Couacs à l'Assemblée : "Le procès en illégitimité est malhonnête", dénonce le député REM Sacha Houlié

Politique
INTERVIEW - Jeudi soir, le vice-président REM de l'Assemblée nationale Sacha Houlié, qui présidait la séance, a rappelé à l'ordre ses collègues macronistes qui ont rejeté par erreur un article de la loi de moralisation qu'ils étaient censés soutenir. Ce qui n'empêche pas le jeune député de 28 ans de s'insurger auprès de LCI contre le procès en incompétence que l'opposition fait à sa majorité. Selon lui, il ne s'agit que d'une "tactique".

C'est lui qui présidait la séance lorsque le couac s'est produit. Jeudi soir, Sacha Houlié, 28 ans, député REM de la Vienne et vice-président de l'Assemblée nationale, a rappelé à l'ordre ses collègues de la majorité présidentielle. Ces derniers, croyant voter contre un amendement qu'ils pensaient avoir été déposé par un élu de La France insoumise, ont en fait rejeté par erreur l'article 7ter de la loi de moralisation relatif à la transparence fiscale des ministres. "Faut être attentif", s'est-il agacé, avant d'appeler ses collègues à distinguer le vote d'un amendement et celui d'un article de loi... 


Cet épisode a fourni une énième occasion, pour l'opposition, de dénoncer la désorganisation présumée des débats sous la nouvelle majorité et son supposé amateurisme. 

Des attaques qui ont fini par faire sortir le jeune député de ses gonds. Dans une mise au point, vendredi matin, Sacha Houlié a contre-attaqué et dénoncé "le traitement réservé aux nouveaux parlementaires" par les vétérans de l'Assemblée. 

Interrogé par LCI ce vendredi après-midi, Sacha Houlié va plus loin. 

LCI : Les députés de votre majorité ont rejeté jeudi soir un article qu'ils étaient censés adopter. Pourquoi ce cafouillage ?

Sacha Houlié : Nous en étions à plus de 35 heures de discussions sur la loi [de moralisation] et j'avais 42 députés inscrits pour discuter de cet article 7 ter, un vrai record. Cela donne une idée de l'ampleur du travail que nous avons. Qu'il y ait parfois des difficultés lors de l'examen des textes, c'est vrai, mais ce n'est pas différent de ce qu'il se passait lors des précédentes législatures. Là, il y a un focus particulier sur la nouvelle majorité et, il faut le dire, un vrai bizutage de la part d'anciens députés qui ont décidé de pourrir les débats en continuant à faire de la vieille politique.

LCI : Plusieurs présidents de séance de votre majorité ont été mis en cause dans l'organisation des débats, y compris par des députés proches... Vous-même, comment appréhendez-vous cette présidence de séance ?

Sacha Houlié : Avant de présider, j'ai regardé des vidéos d'interventions d'anciens présidents lors des précédentes législatures.
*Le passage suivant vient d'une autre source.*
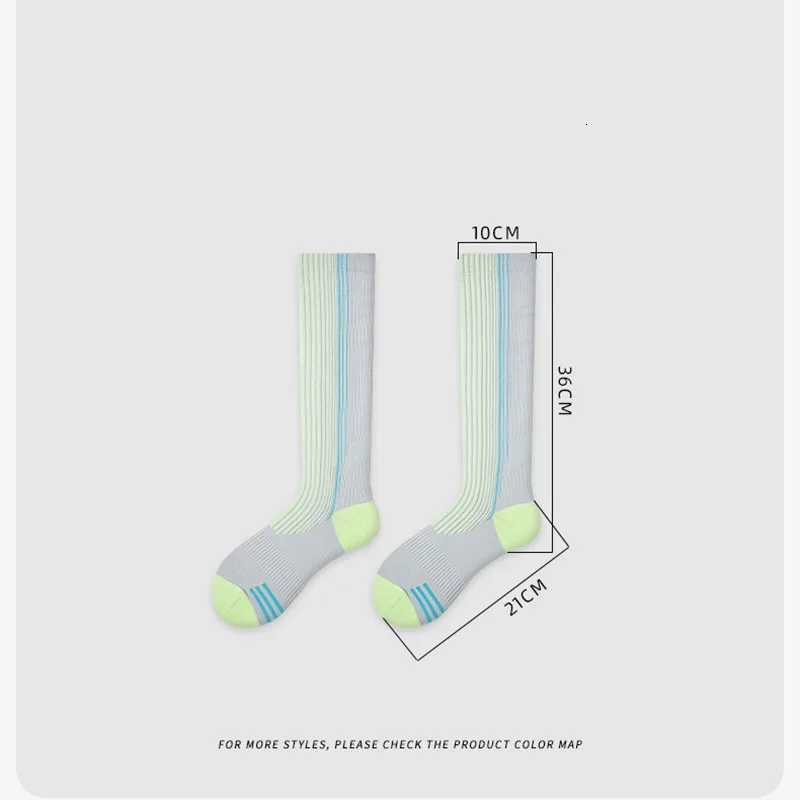 Womens Summer Autumn Thin MidCalf Compression Socks AntiSlip Breathable Seamless for Yoga Running Fitness Hiking for Lady Y251024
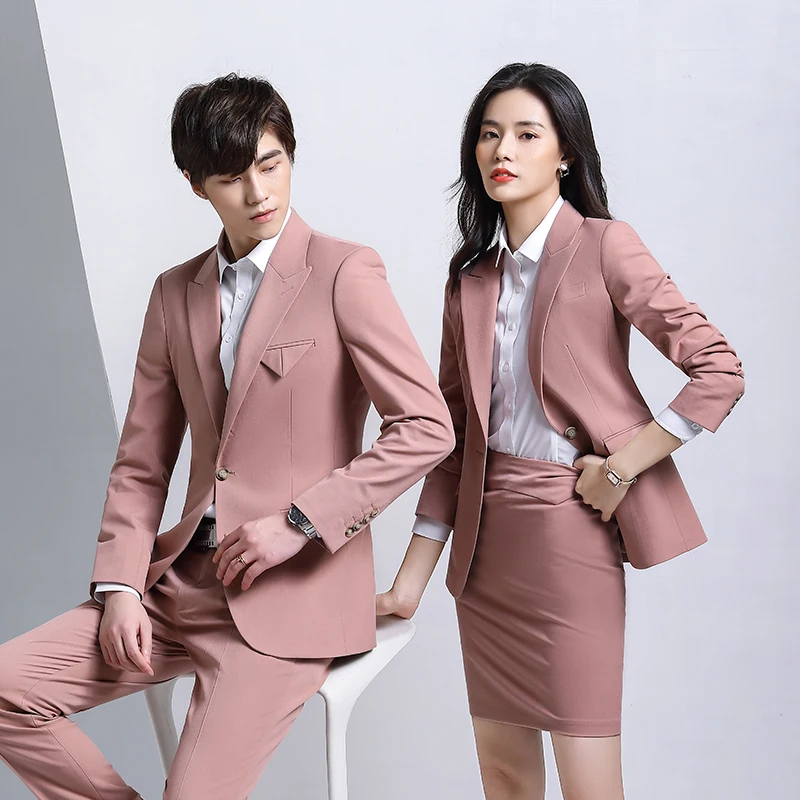 OEM High-quality Soft Comfortable 3 Piece Suits Set Plaid Formal Pant Suit Blazer Office Lady Uniform Women Jacket and Trouser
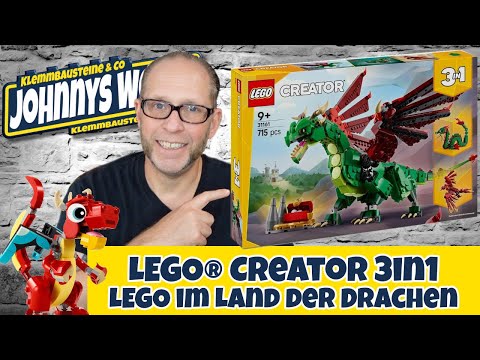 Fabelhaft? LEGO® im Land der Drachen  3in1 Creator 31161 Grüner Drache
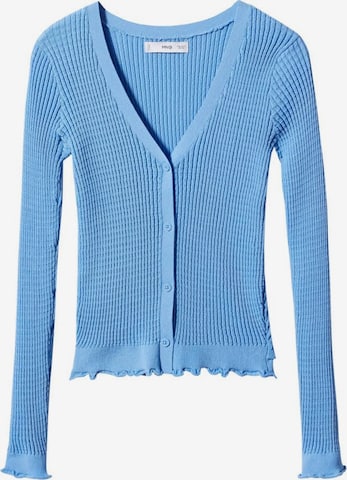 MANGO Knit Cardigan 'Ruffa' in Blue: front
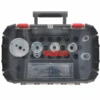 Coffret De 6 Scies Trépans Bosch Adaptateur Power-Change Et 2 Forets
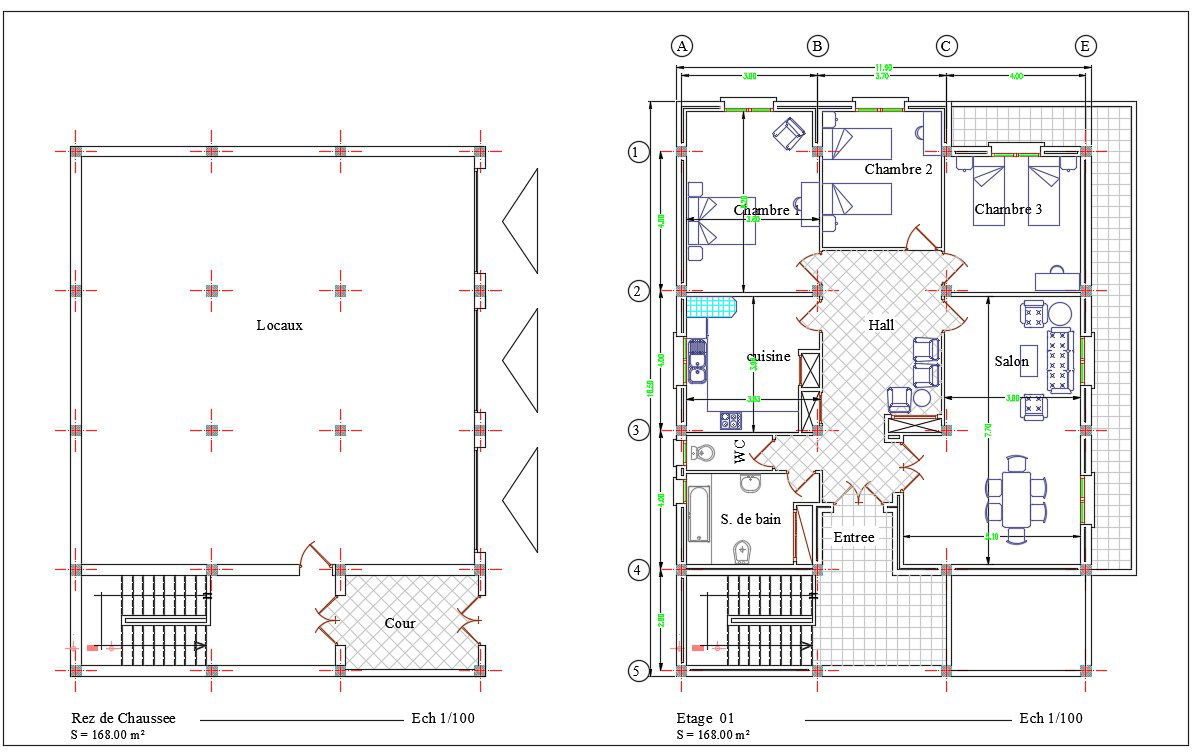 une simple villa en r+1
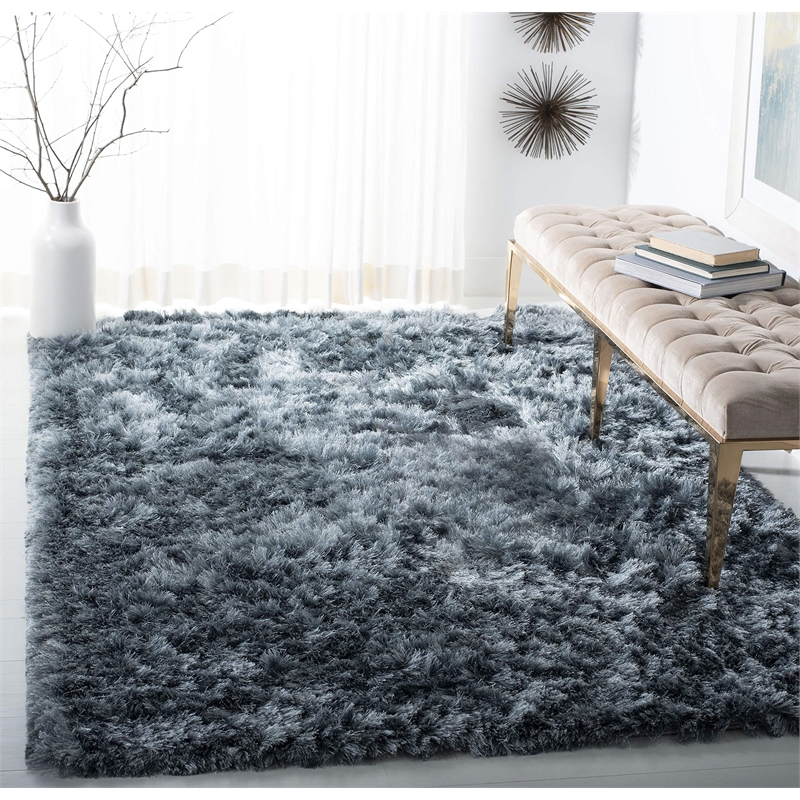 Safavieh Ocean 3' x 5' Hand Tufted Shag Rug in Slate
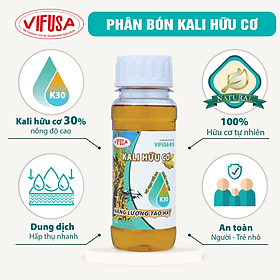 VIFUSA-K15 - Phân bón Kali hữu cơ chai 250ml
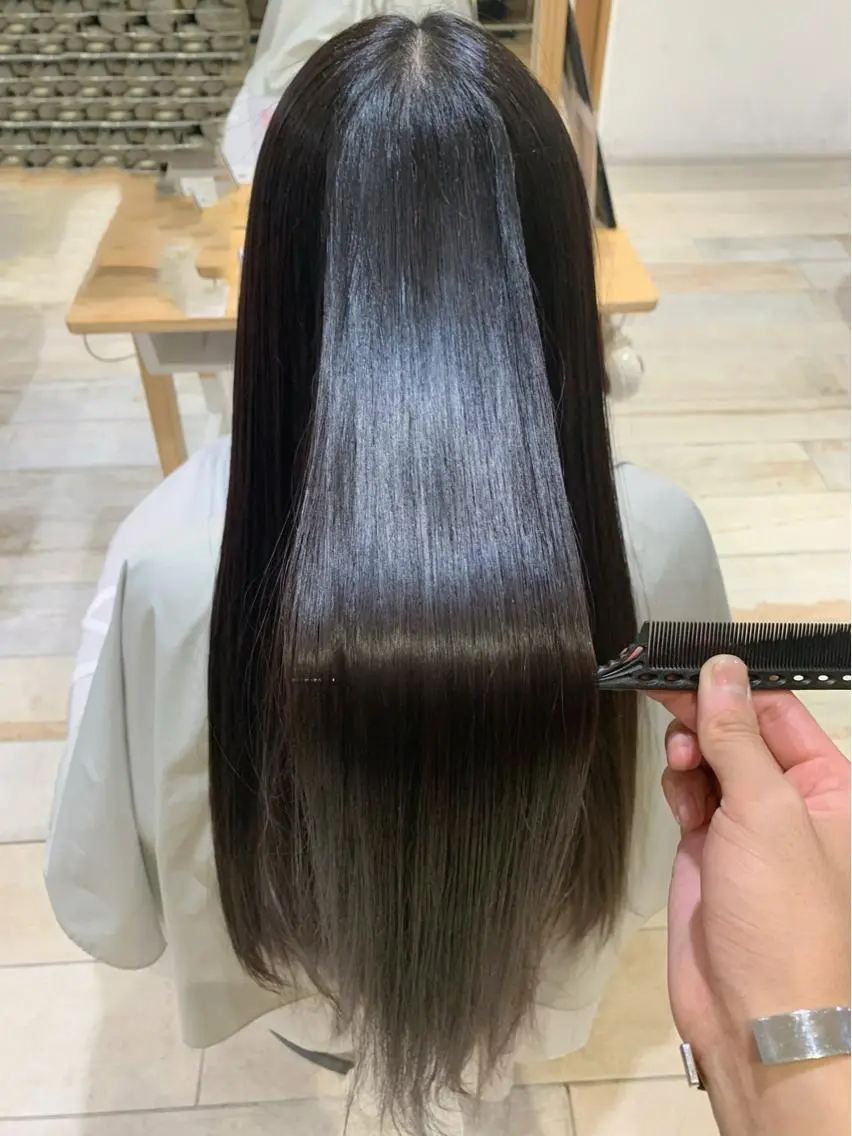 セミロング パーマ 【髪質改善/透明感】 上野 聖斗のヘアスタイル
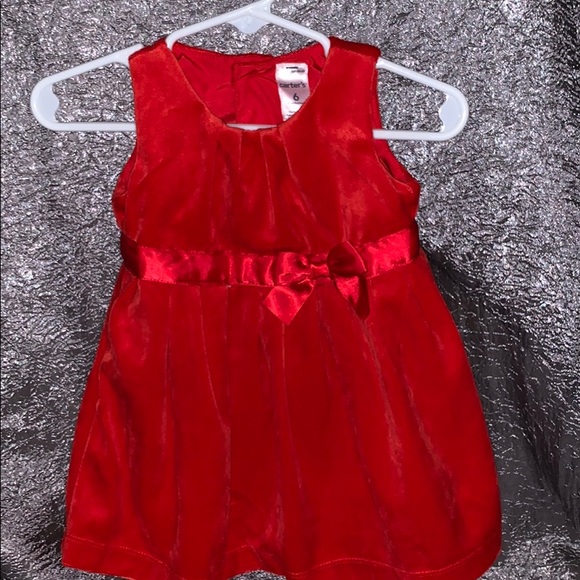 6-9M Red Holiday Dress - Picture 1 of 2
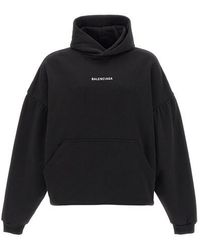 Balenciaga - Felpa Con Cappuccio Back' - Lyst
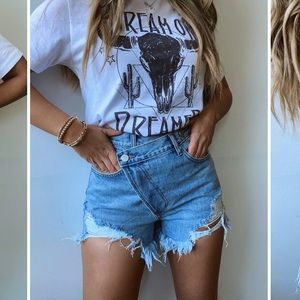 High Waist Denim Shorts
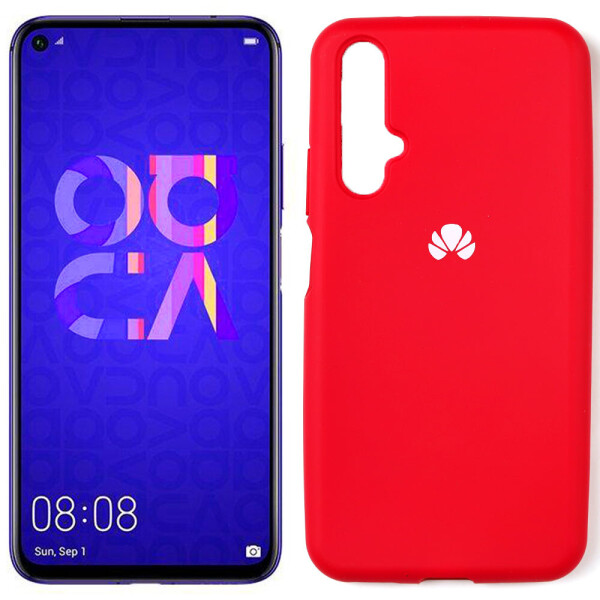 

Чехол Original Soft Case Huawei Honor 20/Nova 5T Ярко вишневый FULL (30013)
J'ai constaté que, même avec les plus talentueux, ce genre de situation se produisait lors des débats. Mais personne ne leur en faisait grief. Ce n'est jamais facile. Des séances peuvent dégénérer rapidement sans que le président n'en soit la cause.

LCI : Comment interprétez-vous, dans ce cas, les attaques de l'opposition sur le thème de l'incompétence ?

Sacha Houlié : Quand vous affirmez quelque chose de faux avec assurance, l'opposition ne vous conteste pas. Mais à partir du moment où vous manifestez un petit défaut d'assurance tout en disant quelque chose de vrai, les vieux élus créent l'incident de séance et génèrent eux-mêmes la gêne. C'est ce qui est arrivé à ma collègue Carole Bureau-Bonnard [mercredi lors du débat sur les amendements concernant le "verrou de Bercy", NDLR]. Elle était dans son droit en menant une discussion commune sur les amendements. Mais lorsqu'elle a pris conseil auprès des administrateurs, pour s'en assurer, tout le monde a sauté sur l'occasion. C'est assez malhonnête. Il n'est pas question que je laisse passer ces procès en illégitimité et en incompétence, alors que les députés REM affichent des taux de présence à l'Assemblée bien meilleurs que les anciennes majorités.